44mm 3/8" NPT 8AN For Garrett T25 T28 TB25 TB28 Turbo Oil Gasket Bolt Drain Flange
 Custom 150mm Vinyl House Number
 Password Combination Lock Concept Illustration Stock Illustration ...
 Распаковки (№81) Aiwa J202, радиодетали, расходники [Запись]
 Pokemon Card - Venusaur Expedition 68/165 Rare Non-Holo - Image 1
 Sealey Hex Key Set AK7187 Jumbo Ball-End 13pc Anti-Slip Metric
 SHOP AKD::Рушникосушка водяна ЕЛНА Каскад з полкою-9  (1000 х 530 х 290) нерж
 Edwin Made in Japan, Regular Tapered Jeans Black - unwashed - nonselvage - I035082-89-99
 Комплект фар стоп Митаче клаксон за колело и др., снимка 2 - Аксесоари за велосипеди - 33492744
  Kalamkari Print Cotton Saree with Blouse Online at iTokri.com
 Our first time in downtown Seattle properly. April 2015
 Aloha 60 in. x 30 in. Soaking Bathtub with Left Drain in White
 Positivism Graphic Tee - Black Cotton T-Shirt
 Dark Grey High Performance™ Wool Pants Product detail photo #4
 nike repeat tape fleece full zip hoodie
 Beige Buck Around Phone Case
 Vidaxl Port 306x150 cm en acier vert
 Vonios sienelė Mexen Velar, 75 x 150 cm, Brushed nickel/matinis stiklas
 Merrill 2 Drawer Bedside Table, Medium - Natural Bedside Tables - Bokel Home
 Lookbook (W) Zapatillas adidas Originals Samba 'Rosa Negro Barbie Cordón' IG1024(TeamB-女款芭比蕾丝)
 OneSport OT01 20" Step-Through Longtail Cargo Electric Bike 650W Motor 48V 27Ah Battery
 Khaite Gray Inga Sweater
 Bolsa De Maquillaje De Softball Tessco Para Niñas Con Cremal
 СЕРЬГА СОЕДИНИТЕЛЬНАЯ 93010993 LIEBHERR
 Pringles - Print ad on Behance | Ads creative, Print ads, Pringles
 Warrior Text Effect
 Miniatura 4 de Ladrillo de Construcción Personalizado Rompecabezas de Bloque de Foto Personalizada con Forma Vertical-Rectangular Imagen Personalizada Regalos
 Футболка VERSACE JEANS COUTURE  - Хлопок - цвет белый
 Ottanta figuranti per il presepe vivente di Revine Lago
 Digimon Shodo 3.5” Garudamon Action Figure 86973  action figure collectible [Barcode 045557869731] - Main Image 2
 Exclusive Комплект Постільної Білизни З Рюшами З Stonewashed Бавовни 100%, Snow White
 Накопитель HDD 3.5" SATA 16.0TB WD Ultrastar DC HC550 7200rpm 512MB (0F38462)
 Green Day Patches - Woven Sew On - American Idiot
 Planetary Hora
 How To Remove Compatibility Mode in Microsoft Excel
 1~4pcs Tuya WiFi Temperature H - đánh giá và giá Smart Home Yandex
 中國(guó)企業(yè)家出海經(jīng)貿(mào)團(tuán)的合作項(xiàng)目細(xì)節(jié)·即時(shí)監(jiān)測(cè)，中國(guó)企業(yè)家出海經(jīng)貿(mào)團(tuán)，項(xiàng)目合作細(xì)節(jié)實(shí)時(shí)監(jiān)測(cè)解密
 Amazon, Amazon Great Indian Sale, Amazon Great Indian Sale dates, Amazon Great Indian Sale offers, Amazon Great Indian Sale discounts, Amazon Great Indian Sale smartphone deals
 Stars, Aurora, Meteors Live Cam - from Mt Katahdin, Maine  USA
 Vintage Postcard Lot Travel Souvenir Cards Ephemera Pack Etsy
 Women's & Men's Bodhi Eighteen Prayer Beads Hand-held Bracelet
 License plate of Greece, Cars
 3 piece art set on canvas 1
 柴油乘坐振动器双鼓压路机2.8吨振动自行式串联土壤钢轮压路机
■ ■ ■ ■
# WORK TO COMPLETE:
Which lines of the listing include the string "Print"? Pull them out.

# ANSWER SPACE:
  Kalamkari Print Cotton Saree with Blouse Online at iTokri.com
 Pringles - Print ad on Behance | Ads creative, Print ads, Pringles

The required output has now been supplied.